Johann Sebastian Bach
motets

1 CD Alpha (2015)
199
Fabio Bonizzoni et la Capella Cracoviensis dans sept motets de Bach

Histoire de rafraîchir les connaissances, ouvrons le Guide des genres de la musique occidentale (Fayard / Henry Lemoine, 2010), afin de définir ce qu’est précisément un motet. D’origine littéraire – motellus désigne, au XIIe siècle, les stances ou les strophes d’une poésie profane –, c’est une pièce vocale polyphonique, essentiellement religieuse, qui comporte ou non une partie jouée par un effectif instrumental varié. Il connaît son âge d’or entre 1220 et 1750, offrant de fait plusieurs visages historiques (gothique, latin, concertant, néo-palestrinien).

À l’époque baroque, le motet n’occupe plus la place centrale, mais continue d’irriguer certains genres émergeants (cantate, oratorio). Dans l’Allemagne luthérienne, alors qu’il était autrefois vivace sous différents types (motet-Lied, motet-choral, Spruchmotette), il est désormais réservé à des cérémonies funèbres, funérailles ou services commémoratifs – à l’instar de Der Geist hilft unser Schwachheit auf BWV 226 (1729), exécuté lors des obsèques de Johann Heinrich Ernesti, recteur de la Thomasschule de Leipzig ; de Jesu, meine Freude BWV 227 (1723) et Fürchte dich nich BWV 228 (1726), chantés en mémoire des veuves Kees et Winckler. « Un même et constant motif spirituel sous-tend les motets, écrit Gilles Cantagrel dans la notice de ce disque, la présence du Christ aux côtés du croyant, au moment où il échappe par sa mort aux vicissitudes de la vie terrestre, le Christ qui le réconforte et lui indique le chemin de son éternité bienheureuse. »

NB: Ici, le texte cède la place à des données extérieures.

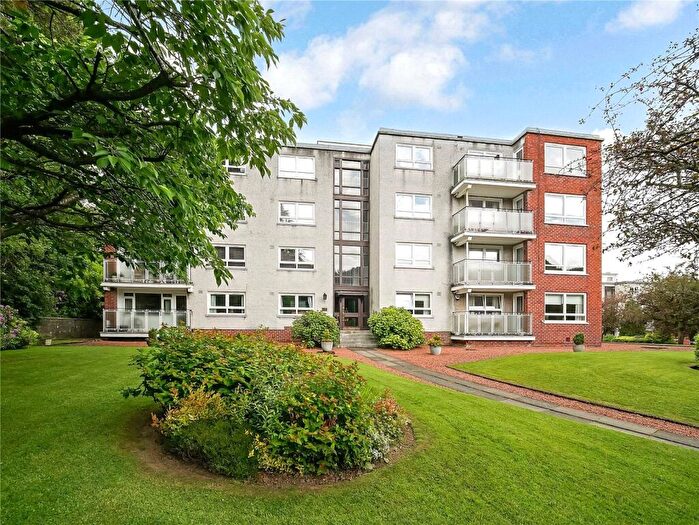 2 Bedroom Flat For Sale In Haggswood Avenue, Pollokshields, Glasgow, G41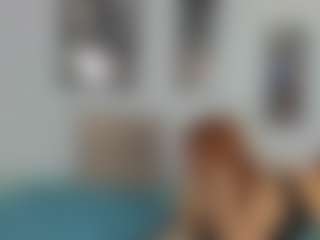 sweet-rosse72's Live Sex Cam Show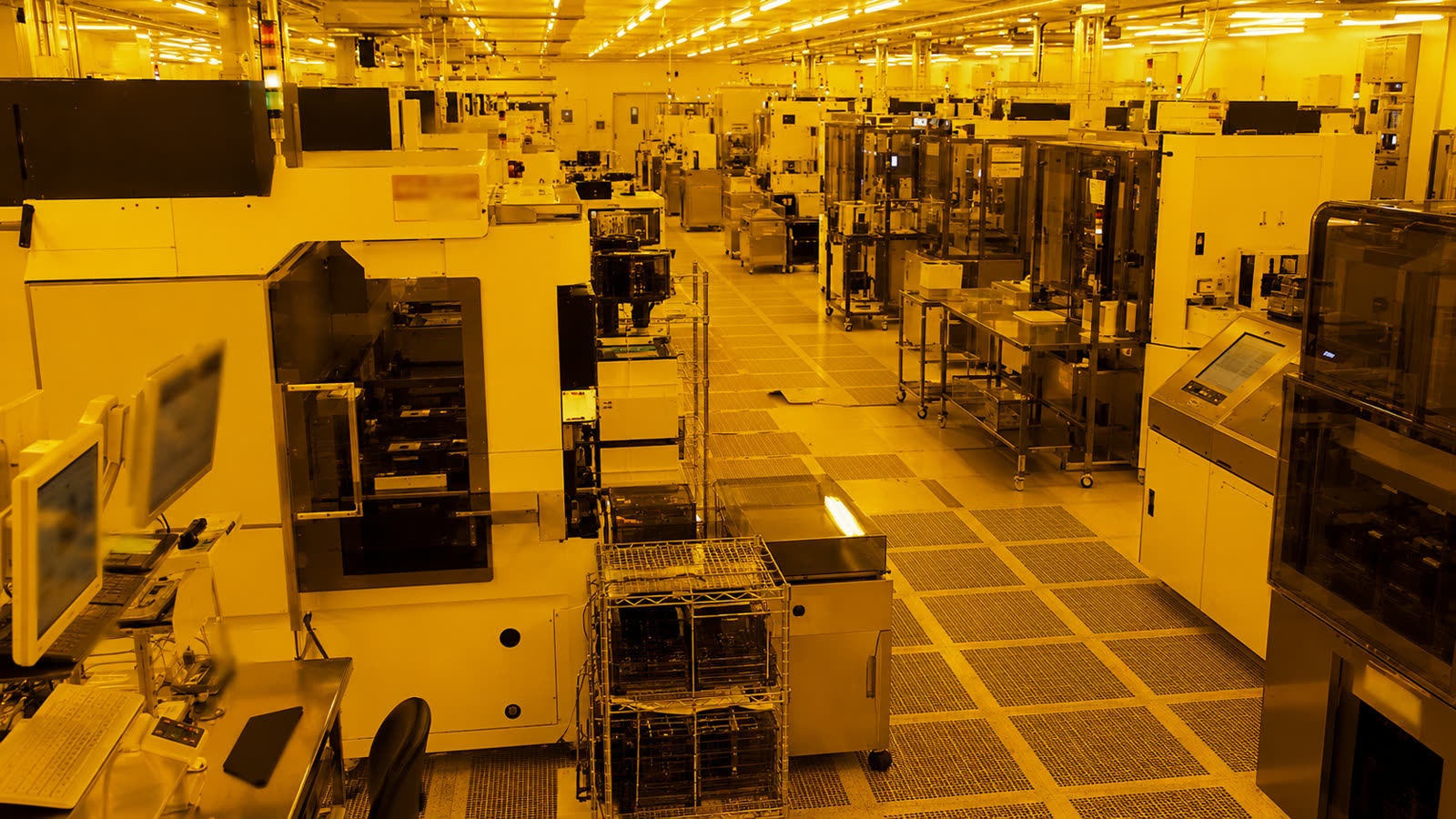 Yellow-light lithography and patterning area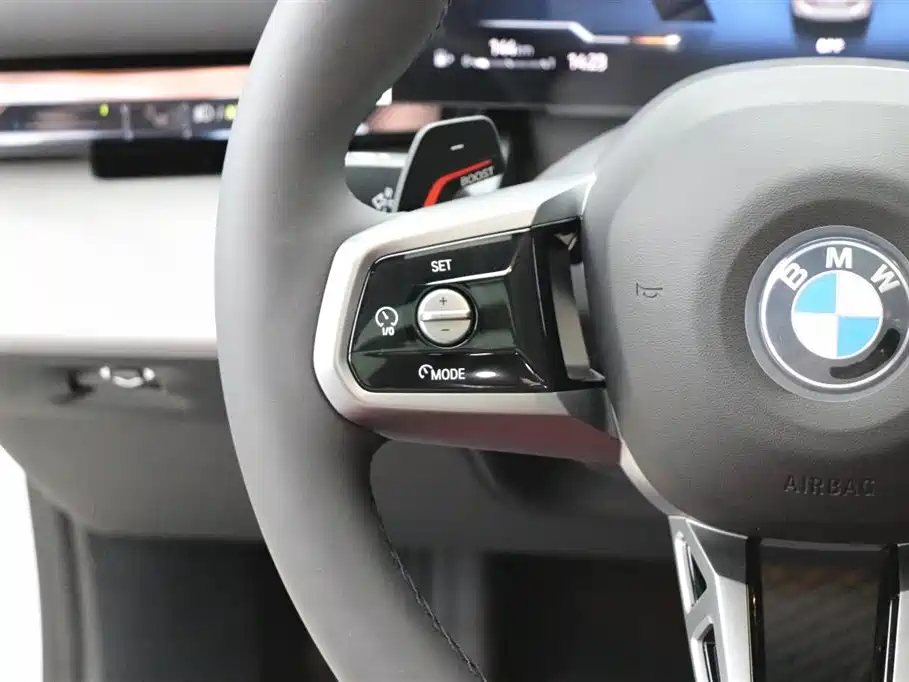 BMW BMW 5 Series 2026 530Li Leading Edition M Sport Package 2026 - thumbnail 17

Outre les trois pièces évoquées, Johann Sebastian Bach (1685-1750) signait encore quelques pages au cours des ans, le plus souvent à deux chœurs, parmi lesquelles Singet dem Herrn ein neues Lied BWV 225, Komm, Jesu, komm BWV 229, Ich lasse dich nicht BWV Anh.159 et Lobet den Herrn BWV 230, dont la date de conception nous échappe peu ou prou. Ces derniers complètent le nouvel enregistrement de la Capella Cracoviensis et Fabio Bonizzoni chez Alpha, au sortir de leur récente incursion (déjà funèbre !) chez Charpentier et Lully, saluée par une Anaclase! [lire notre critique du CD].

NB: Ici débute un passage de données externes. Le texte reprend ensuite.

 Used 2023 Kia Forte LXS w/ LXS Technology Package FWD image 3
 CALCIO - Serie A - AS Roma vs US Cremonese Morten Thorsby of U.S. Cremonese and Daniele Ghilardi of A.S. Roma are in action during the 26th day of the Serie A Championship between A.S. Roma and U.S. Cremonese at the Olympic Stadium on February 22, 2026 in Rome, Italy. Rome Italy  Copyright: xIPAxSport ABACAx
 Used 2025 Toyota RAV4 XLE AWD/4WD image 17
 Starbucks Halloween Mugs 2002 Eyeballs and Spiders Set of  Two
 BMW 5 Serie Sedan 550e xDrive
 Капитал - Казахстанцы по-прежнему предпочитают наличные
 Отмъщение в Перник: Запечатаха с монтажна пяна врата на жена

Une chose essentielle ressort de cette écoute : le refus d’appuyer l’architecture. Ici, rien de heurté, de marcato ; au pire relève-t-on un segment plus impératif, une envolée presque tragique sur fond de discrète basse continue (violoncelle, contrebasse, orgue). Souplesse et fluidité dominent donc, qui éclairent des climats de ferveur confiante, de recueillement sans gravité, avec un rien d’élégance italienne, parfois. Cela n’empêche pas la formation vocale, rompue à la musique ancienne, de se montrer extrêmement précise et définie. Dommage que des soprani souvent crues perturbent l’onctuosité générale.